__What you should do__
All of the data needs to be reproduced with no alterations.

*** Opening Records supplied ***

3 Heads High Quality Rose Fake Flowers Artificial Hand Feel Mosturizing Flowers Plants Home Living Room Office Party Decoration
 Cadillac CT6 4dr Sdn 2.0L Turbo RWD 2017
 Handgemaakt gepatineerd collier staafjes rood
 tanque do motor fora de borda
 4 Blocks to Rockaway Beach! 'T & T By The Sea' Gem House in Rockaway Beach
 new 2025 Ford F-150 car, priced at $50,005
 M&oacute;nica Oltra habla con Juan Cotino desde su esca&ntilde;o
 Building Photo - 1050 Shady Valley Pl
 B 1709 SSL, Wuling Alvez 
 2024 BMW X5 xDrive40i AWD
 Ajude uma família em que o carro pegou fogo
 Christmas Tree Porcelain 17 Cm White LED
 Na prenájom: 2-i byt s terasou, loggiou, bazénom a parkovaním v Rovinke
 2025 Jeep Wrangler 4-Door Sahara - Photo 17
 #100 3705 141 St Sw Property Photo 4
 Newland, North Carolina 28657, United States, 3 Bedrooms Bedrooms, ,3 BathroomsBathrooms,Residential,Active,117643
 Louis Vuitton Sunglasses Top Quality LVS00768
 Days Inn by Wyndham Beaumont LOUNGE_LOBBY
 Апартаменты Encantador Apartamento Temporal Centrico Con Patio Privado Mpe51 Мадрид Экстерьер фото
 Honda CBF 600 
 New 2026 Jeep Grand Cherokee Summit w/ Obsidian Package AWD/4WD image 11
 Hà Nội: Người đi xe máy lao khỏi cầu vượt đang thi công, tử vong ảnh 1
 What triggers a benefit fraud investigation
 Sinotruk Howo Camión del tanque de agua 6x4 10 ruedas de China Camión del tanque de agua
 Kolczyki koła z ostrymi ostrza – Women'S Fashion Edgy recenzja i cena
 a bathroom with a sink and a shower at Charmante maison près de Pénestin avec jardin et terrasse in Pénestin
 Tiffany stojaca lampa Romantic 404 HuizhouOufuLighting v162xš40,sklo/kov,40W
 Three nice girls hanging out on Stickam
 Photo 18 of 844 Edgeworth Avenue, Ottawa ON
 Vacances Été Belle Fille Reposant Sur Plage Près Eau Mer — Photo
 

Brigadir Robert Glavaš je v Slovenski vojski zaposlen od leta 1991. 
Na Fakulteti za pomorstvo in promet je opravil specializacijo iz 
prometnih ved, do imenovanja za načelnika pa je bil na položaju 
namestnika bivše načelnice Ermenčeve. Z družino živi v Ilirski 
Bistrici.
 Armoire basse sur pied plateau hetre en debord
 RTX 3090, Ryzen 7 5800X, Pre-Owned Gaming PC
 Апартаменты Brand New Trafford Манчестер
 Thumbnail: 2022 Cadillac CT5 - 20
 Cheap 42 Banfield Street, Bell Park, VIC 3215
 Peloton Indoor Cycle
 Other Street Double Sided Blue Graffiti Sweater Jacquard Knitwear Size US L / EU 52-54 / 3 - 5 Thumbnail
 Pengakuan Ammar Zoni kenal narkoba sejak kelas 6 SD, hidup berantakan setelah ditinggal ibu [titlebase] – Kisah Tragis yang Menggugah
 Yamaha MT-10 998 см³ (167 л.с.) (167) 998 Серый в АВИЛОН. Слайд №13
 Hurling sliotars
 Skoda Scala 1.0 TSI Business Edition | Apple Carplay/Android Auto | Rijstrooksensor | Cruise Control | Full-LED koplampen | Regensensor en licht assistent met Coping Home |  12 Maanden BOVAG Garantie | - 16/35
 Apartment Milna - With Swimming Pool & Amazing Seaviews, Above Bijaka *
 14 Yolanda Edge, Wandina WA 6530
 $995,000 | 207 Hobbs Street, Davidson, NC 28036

*** Closing Records supplied ***

__Answer for this exercise__
3 Heads High Quality Rose Fake Flowers Artificial Hand Feel Mosturizing Flowers Plants Home Living Room Office Party Decoration
 Cadillac CT6 4dr Sdn 2.0L Turbo RWD 2017
 Handgemaakt gepatineerd collier staafjes rood
 tanque do motor fora de borda
 4 Blocks to Rockaway Beach! 'T & T By The Sea' Gem House in Rockaway Beach
 new 2025 Ford F-150 car, priced at $50,005
 M&oacute;nica Oltra habla con Juan Cotino desde su esca&ntilde;o
 Building Photo - 1050 Shady Valley Pl
 B 1709 SSL, Wuling Alvez 
 2024 BMW X5 xDrive40i AWD
 Ajude uma família em que o carro pegou fogo
 Christmas Tree Porcelain 17 Cm White LED
 Na prenájom: 2-i byt s terasou, loggiou, bazénom a parkovaním v Rovinke
 2025 Jeep Wrangler 4-Door Sahara - Photo 17
 #100 3705 141 St Sw Property Photo 4
 Newland, North Carolina 28657, United States, 3 Bedrooms Bedrooms, ,3 BathroomsBathrooms,Residential,Active,117643
 Louis Vuitton Sunglasses Top Quality LVS00768
 Days Inn by Wyndham Beaumont LOUNGE_LOBBY
 Апартаменты Encantador Apartamento Temporal Centrico Con Patio Privado Mpe51 Мадрид Экстерьер фото
 Honda CBF 600 
 New 2026 Jeep Grand Cherokee Summit w/ Obsidian Package AWD/4WD image 11
 Hà Nội: Người đi xe máy lao khỏi cầu vượt đang thi công, tử vong ảnh 1
 What triggers a benefit fraud investigation
 Sinotruk Howo Camión del tanque de agua 6x4 10 ruedas de China Camión del tanque de agua
 Kolczyki koła z ostrymi ostrza – Women'S Fashion Edgy recenzja i cena
 a bathroom with a sink and a shower at Charmante maison près de Pénestin avec jardin et terrasse in Pénestin
 Tiffany stojaca lampa Romantic 404 HuizhouOufuLighting v162xš40,sklo/kov,40W
 Three nice girls hanging out on Stickam
 Photo 18 of 844 Edgeworth Avenue, Ottawa ON
 Vacances Été Belle Fille Reposant Sur Plage Près Eau Mer — Photo
 

Brigadir Robert Glavaš je v Slovenski vojski zaposlen od leta 1991. 
Na Fakulteti za pomorstvo in promet je opravil specializacijo iz 
prometnih ved, do imenovanja za načelnika pa je bil na položaju 
namestnika bivše načelnice Ermenčeve. Z družino živi v Ilirski 
Bistrici.
 Armoire basse sur pied plateau hetre en debord
 RTX 3090, Ryzen 7 5800X, Pre-Owned Gaming PC
 Апартаменты Brand New Trafford Манчестер
 Thumbnail: 2022 Cadillac CT5 - 20
 Cheap 42 Banfield Street, Bell Park, VIC 3215
 Peloton Indoor Cycle
 Other Street Double Sided Blue Graffiti Sweater Jacquard Knitwear Size US L / EU 52-54 / 3 - 5 Thumbnail
 Pengakuan Ammar Zoni kenal narkoba sejak kelas 6 SD, hidup berantakan setelah ditinggal ibu [titlebase] – Kisah Tragis yang Menggugah
 Yamaha MT-10 998 см³ (167 л.с.) (167) 998 Серый в АВИЛОН. Слайд №13
 Hurling sliotars
 Skoda Scala 1.0 TSI Business Edition | Apple Carplay/Android Auto | Rijstrooksensor | Cruise Control | Full-LED koplampen | Regensensor en licht assistent met Coping Home |  12 Maanden BOVAG Garantie | - 16/35
 Apartment Milna - With Swimming Pool & Amazing Seaviews, Above Bijaka *
 14 Yolanda Edge, Wandina WA 6530
 $995,000 | 207 Hobbs Street, Davidson, NC 28036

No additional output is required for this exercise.